Nelle prime cinque settimane dell’anno gli outflows dai fondi azionari specializzati nei mercati emergenti ($18.6 miliardi) sono stati maggiori che le vendite nette in tutto il 2013 ($15.3 miliardi). Meno drammatiche, ma pur sempre negative, anche le notizie sul fronte dei fondi obbligazionari. Ad apparire particolarmente vulnerabili sono i paesi con un grande deficit delle partite correnti, che pertanto dipendono dalla disponibilità di capitali esteri. Se questi s’inaridiscono, vengono meno le risorse per credito, investimenti e consumo. Se le loro valute perdono valore rispetto al dollaro, diventa più difficile remunerare e rimborsare i fondi presi a prestito.

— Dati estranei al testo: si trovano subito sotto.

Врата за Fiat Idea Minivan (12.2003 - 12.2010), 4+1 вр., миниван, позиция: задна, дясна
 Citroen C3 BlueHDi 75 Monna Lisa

Sei paesi del G20 – Argentina, Brasile, India, Indonesia, Sudafrica e Turchia – sono in prima linea e nelle ultime settimane hanno adottato misure economiche per rassicurare in qualche modo i mercati. È un gruppo eterogeneo, ma decisamente importante per le sorti dell’economia globale, non fosse altro che perché pesano per circa un ottavo del PIL mondiale e hanno contributo per un quarto della sua crescita dal 2009.
ARGENTINA
Le criticità strutturali dell’Argentina sono le stesse ormai da decenni – istituzioni deboli, politiche erratiche, governanti populisti, cittadini che per molte buone ragioni sono i primi a non avere fiducia nel proprio paese e nella sua capacità di crescere in maniera “normale”. Ma i problemi attuali sono recenti, dato che per più di un decennio, dopo l’abbandono del currency board, l’economia argentina è cresciuta. I disequilibri e le incoerenze del cosiddetto modelo, le politiche economiche di Nestor e poi di Cristina Kirchner, sono esplose negli ultimi tempi. Soprattutto l’inflazione, che ha probabilmente superato 25% nel 2013 per quanto le autorità si siano a lungo ostinate a difendere l’indice ufficiale, secondo cui sarebbe stata “solamente” del 10,9%. Tutti i dati vanno presi con le pinze, a causa di questo scostamento, ma in ogni caso l’apparire di un mercato cambiario parallelo dimostra che tra la historia oficial e la realtà c’è una grande differenza.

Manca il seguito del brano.